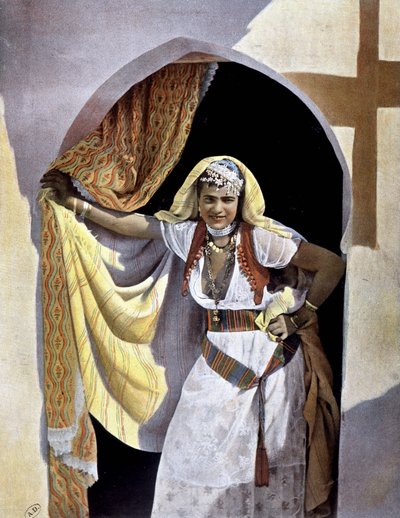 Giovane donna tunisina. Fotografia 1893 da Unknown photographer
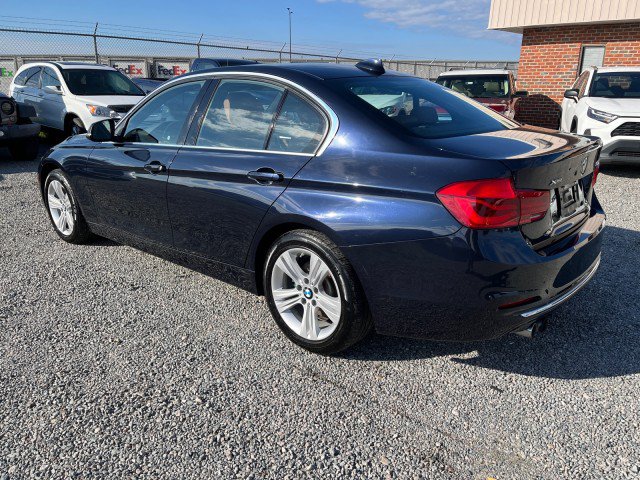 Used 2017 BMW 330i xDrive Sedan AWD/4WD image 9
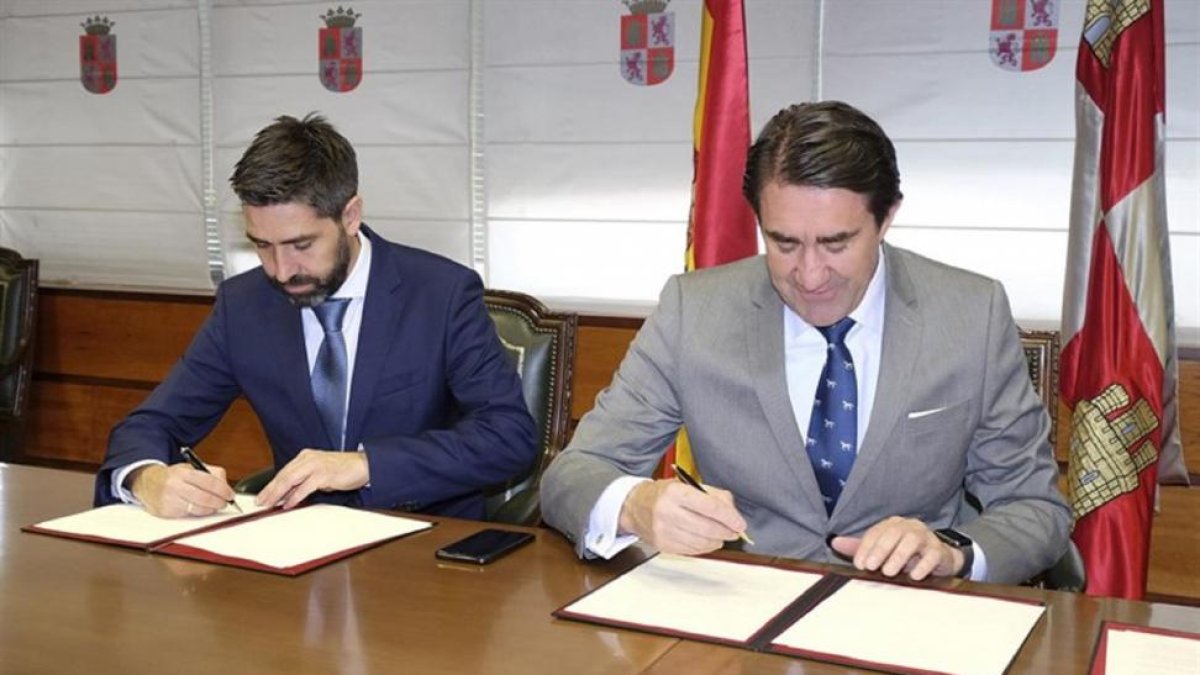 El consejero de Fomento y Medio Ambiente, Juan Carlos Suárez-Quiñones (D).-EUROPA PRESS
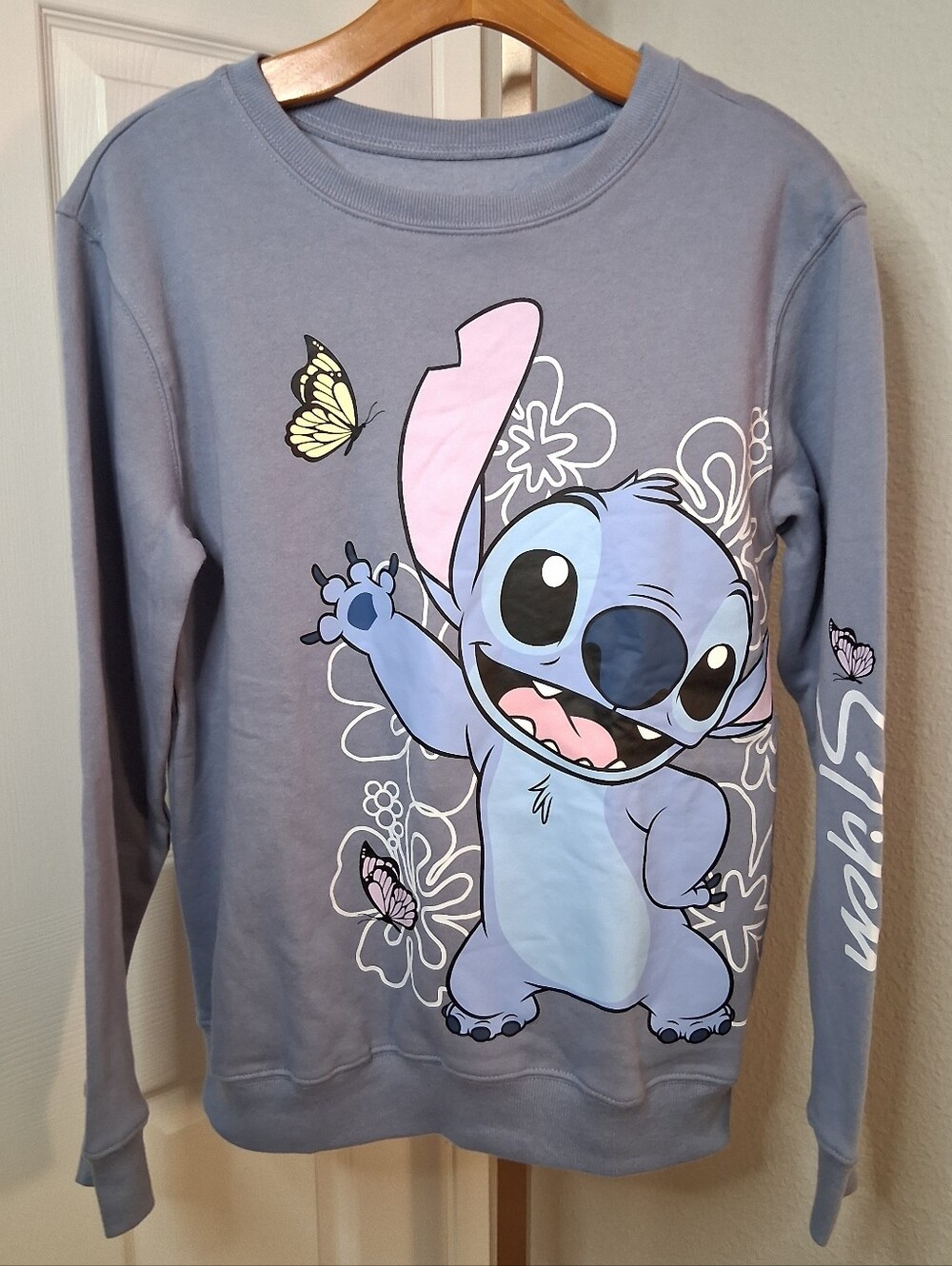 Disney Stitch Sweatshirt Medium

--

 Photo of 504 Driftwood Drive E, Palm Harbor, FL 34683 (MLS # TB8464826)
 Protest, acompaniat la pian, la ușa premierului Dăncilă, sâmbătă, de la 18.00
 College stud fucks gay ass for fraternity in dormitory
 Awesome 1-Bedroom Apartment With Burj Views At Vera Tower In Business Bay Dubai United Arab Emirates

---

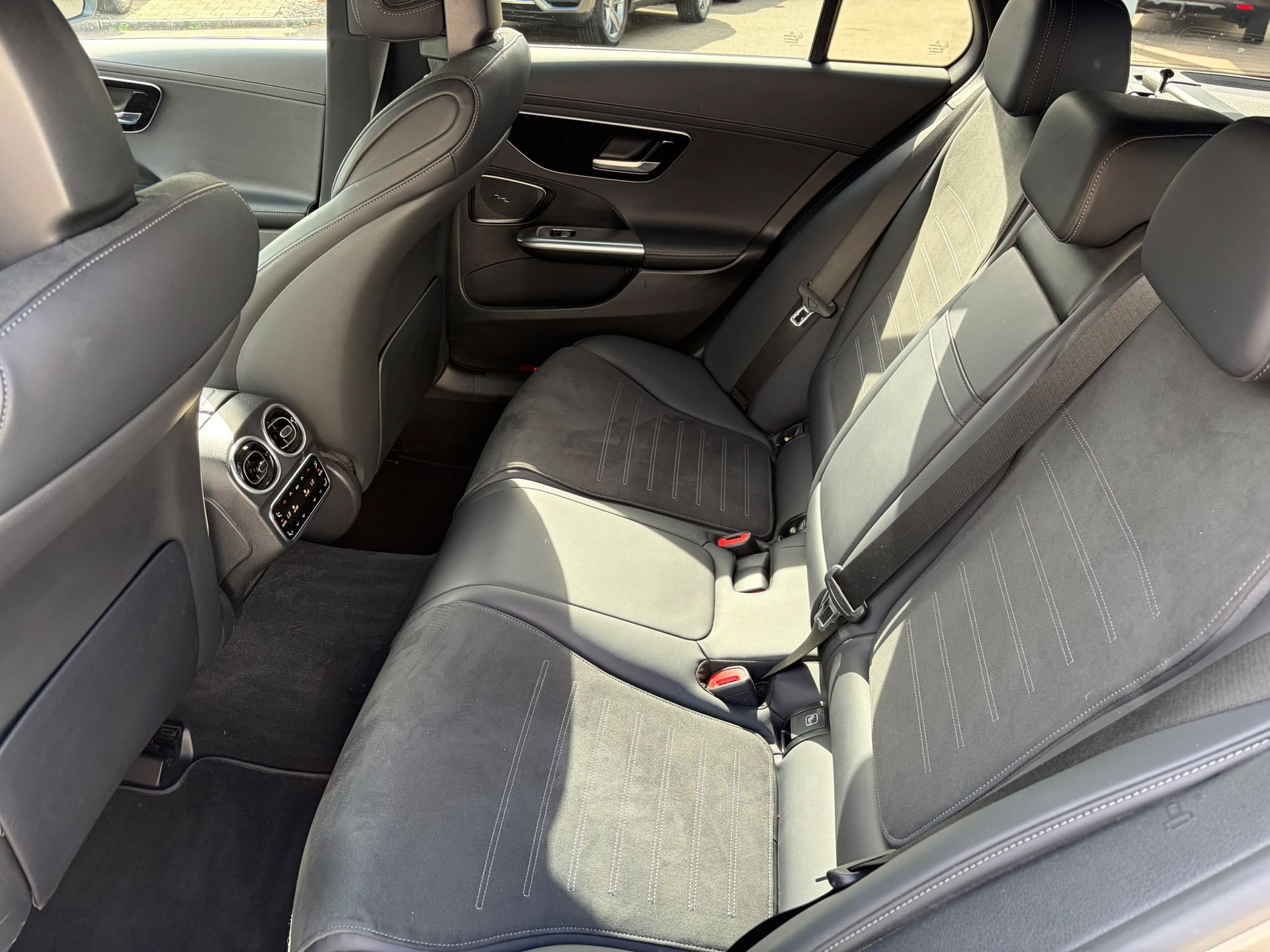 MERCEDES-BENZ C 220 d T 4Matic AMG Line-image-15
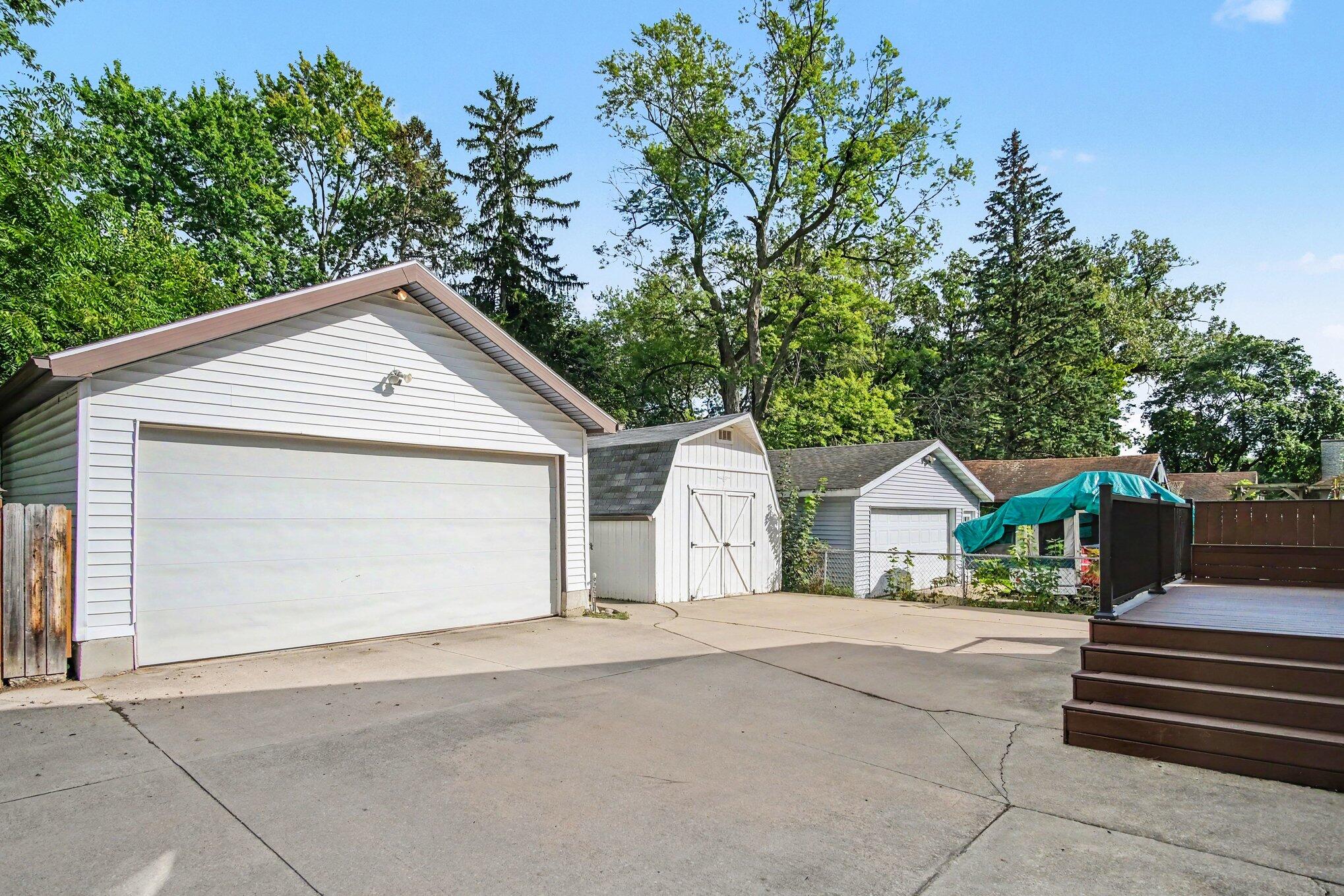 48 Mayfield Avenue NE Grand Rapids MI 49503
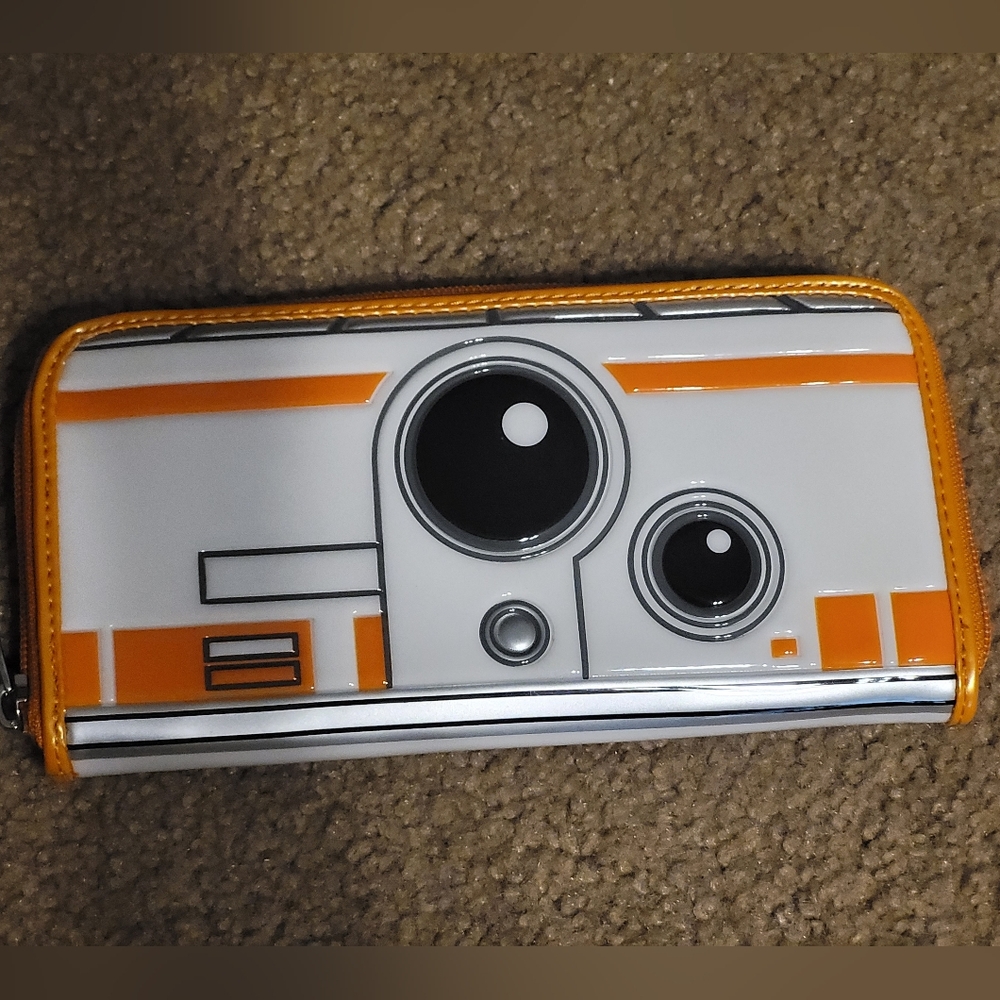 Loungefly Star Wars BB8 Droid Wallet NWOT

• [Directions for this task] In the data above, find the line containing "Giovane donna tunisina." and the line containing "Disney Stitch Sweatshirt Medium". Copy exactly the stretch from the first through the second, both included, leaving out any picture.

• [The completed task]
 Giovane donna tunisina. Fotografia 1893 da Unknown photographer
 Used 2017 BMW 330i xDrive Sedan AWD/4WD image 9
 El consejero de Fomento y Medio Ambiente, Juan Carlos Suárez-Quiñones (D).-EUROPA PRESS
 Disney Stitch Sweatshirt Medium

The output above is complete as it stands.